- [Task instructions]: From the listing below, reproduce exactly the lines starting with the one with "Grizzly el&eacute;ctrico Coj&iacute;n" and going on through the one with "Watch Link Removal", both ends kept. No picture is copied.

- [Provided records]:
__________

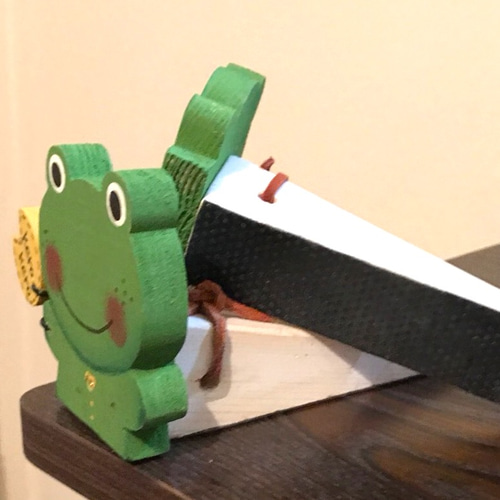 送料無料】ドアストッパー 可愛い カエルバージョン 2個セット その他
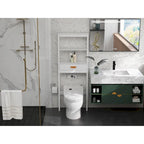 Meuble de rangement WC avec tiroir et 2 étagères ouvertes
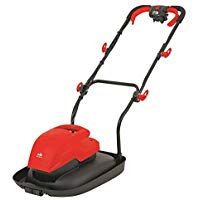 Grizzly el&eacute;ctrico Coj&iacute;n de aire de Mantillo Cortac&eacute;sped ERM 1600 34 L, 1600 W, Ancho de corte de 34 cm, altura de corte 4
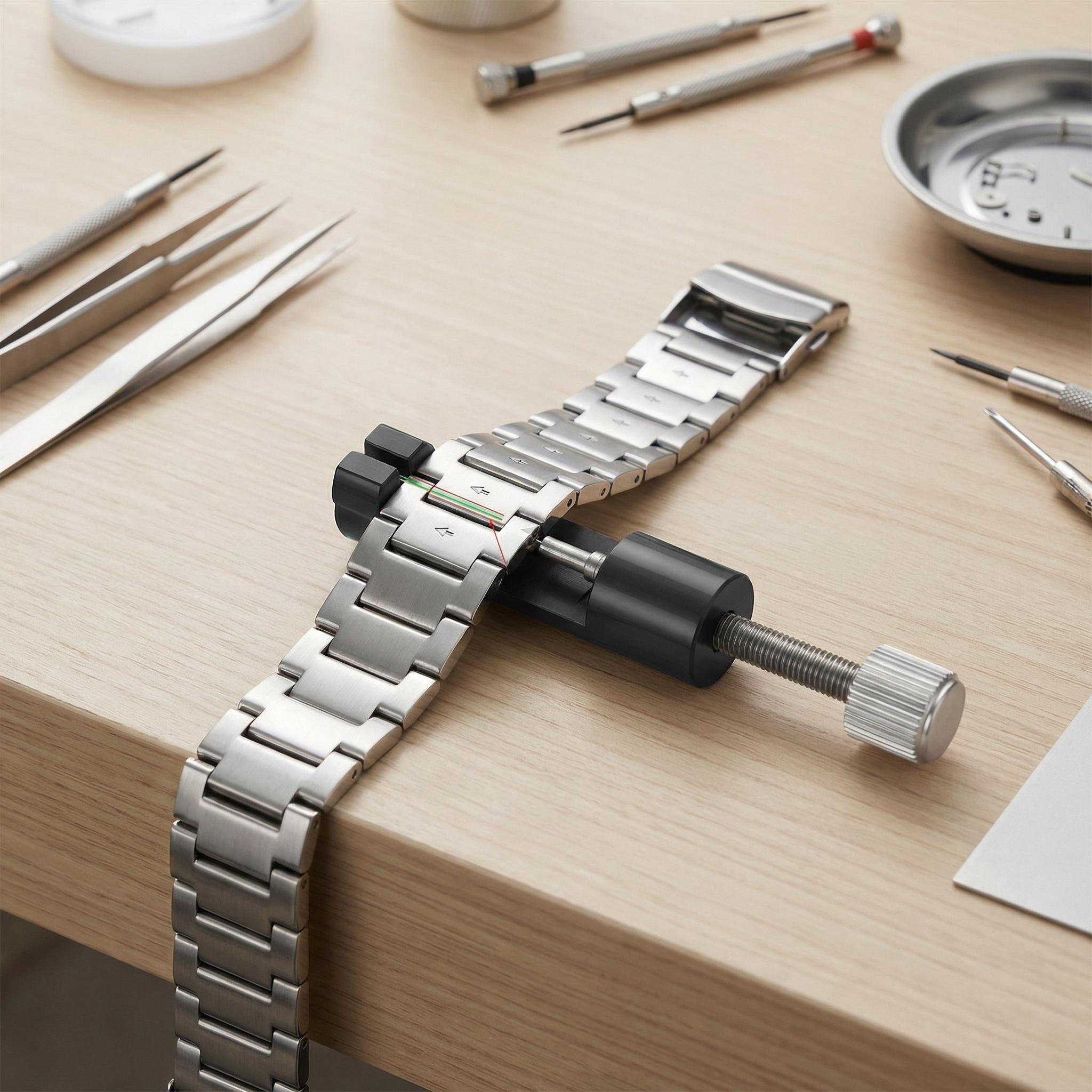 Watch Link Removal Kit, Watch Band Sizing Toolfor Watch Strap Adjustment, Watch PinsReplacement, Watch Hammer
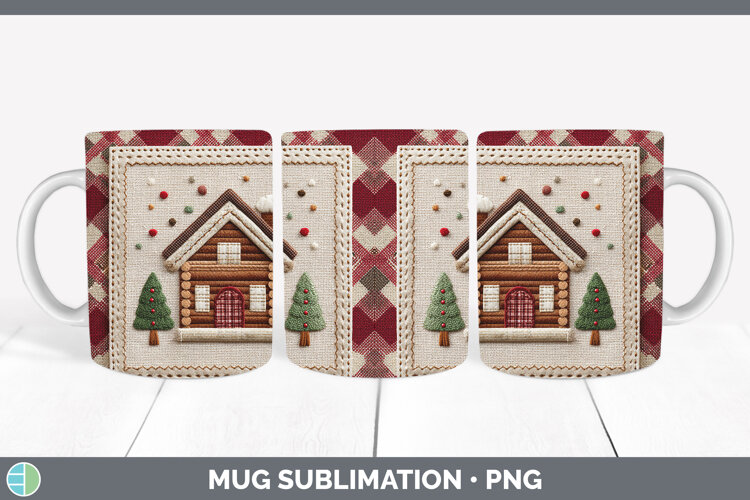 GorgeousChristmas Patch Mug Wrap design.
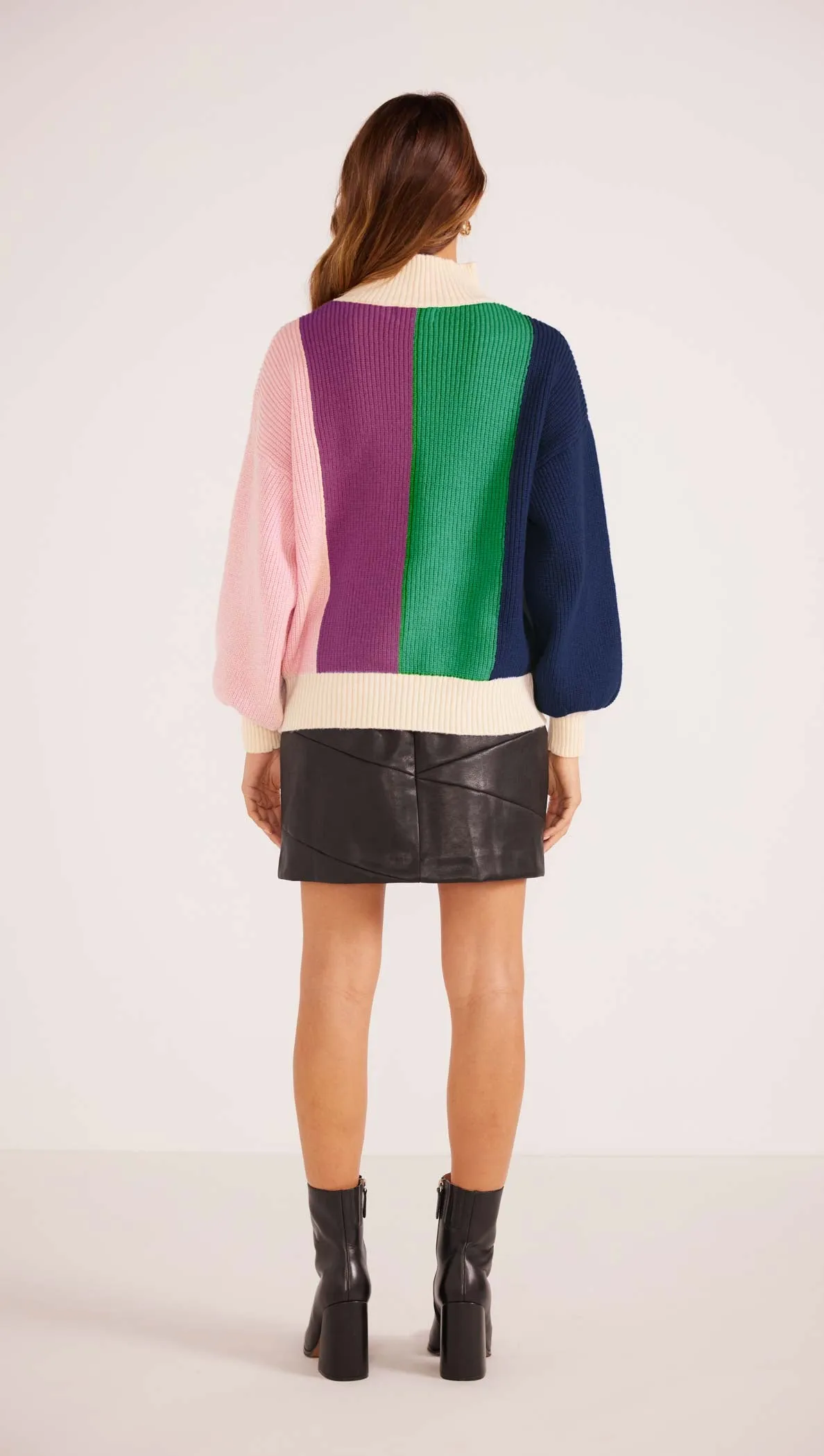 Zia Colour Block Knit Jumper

__________

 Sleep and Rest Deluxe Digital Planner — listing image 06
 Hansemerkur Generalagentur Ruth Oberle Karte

__________

- [Worked solution]:
 Grizzly el&eacute;ctrico Coj&iacute;n de aire de Mantillo Cortac&eacute;sped ERM 1600 34 L, 1600 W, Ancho de corte de 34 cm, altura de corte 4
 Watch Link Removal Kit, Watch Band Sizing Toolfor Watch Strap Adjustment, Watch PinsReplacement, Watch Hammer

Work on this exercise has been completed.